Records for processing:

........

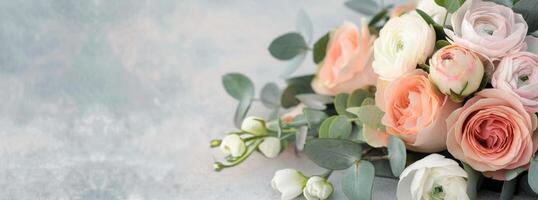 Peach and White Ranunculus Bouquet on Gray Background photo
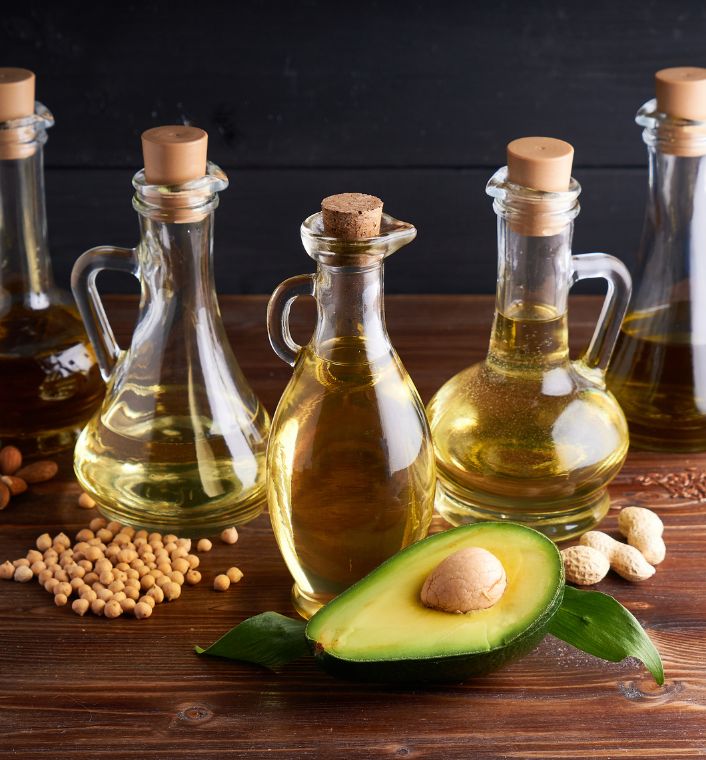 Natural oils commonly used to seal moisture in 4C hair.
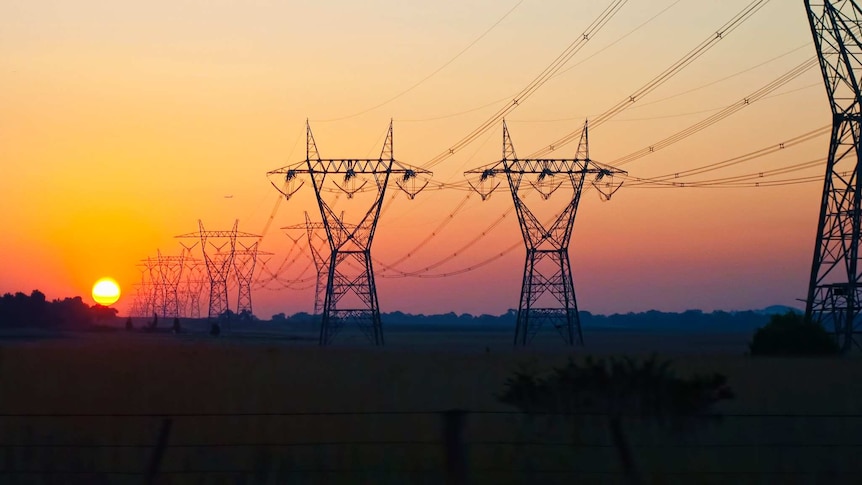 Power lines on a plain with the sun setting behind them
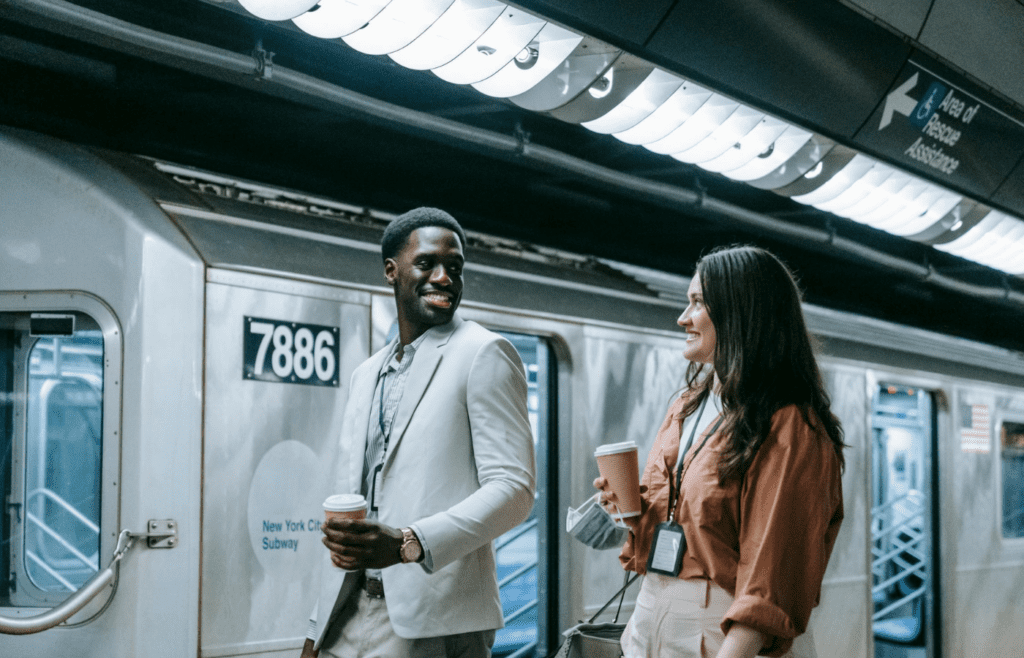 A couple smiling at each other while cooking or walking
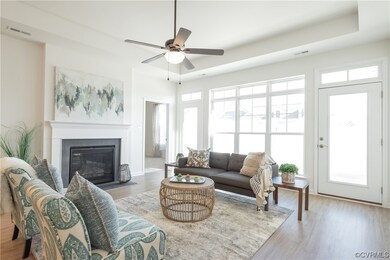 Living room with ceiling fan, a wealth of natural
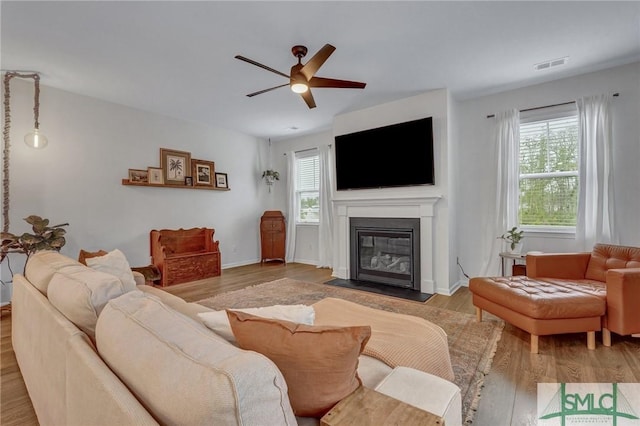 living room with ceiling fan and light wood-type flooring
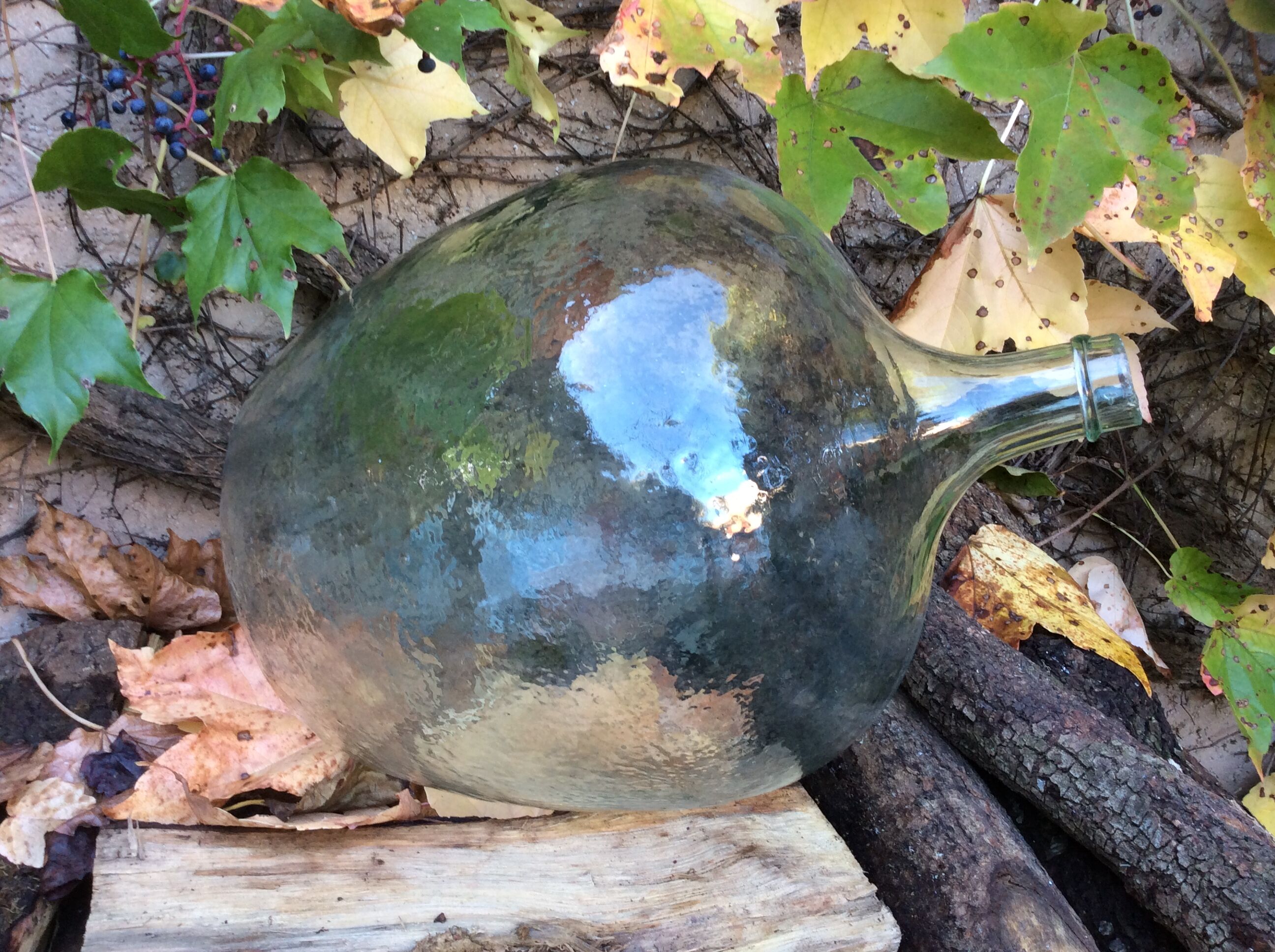 An old "Dame-jeanne" in blown glass, beginning of the nineteenth century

........

Starting with the line that contains "A couple smiling", print every remaining line of the records above, exactly as it stands. Do not print the pictures.

 A couple smiling at each other while cooking or walking
 Living room with ceiling fan, a wealth of natural
 living room with ceiling fan and light wood-type flooring
 An old "Dame-jeanne" in blown glass, beginning of the nineteenth century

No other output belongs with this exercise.